What to do:
Please retype the listing below exactly as it stands, skipping any pictures.

Given information:
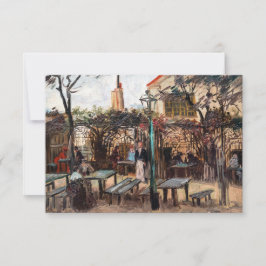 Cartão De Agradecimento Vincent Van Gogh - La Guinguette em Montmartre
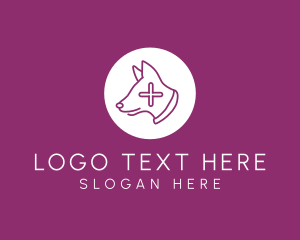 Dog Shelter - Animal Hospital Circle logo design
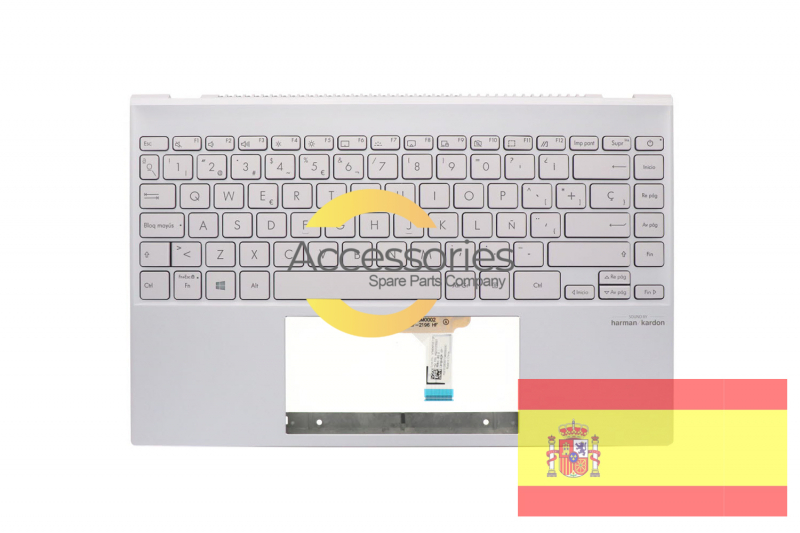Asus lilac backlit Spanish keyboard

Response for this exercise:
 Cartão De Agradecimento Vincent Van Gogh - La Guinguette em Montmartre
 Dog Shelter - Animal Hospital Circle logo design
Asus lilac backlit Spanish keyboard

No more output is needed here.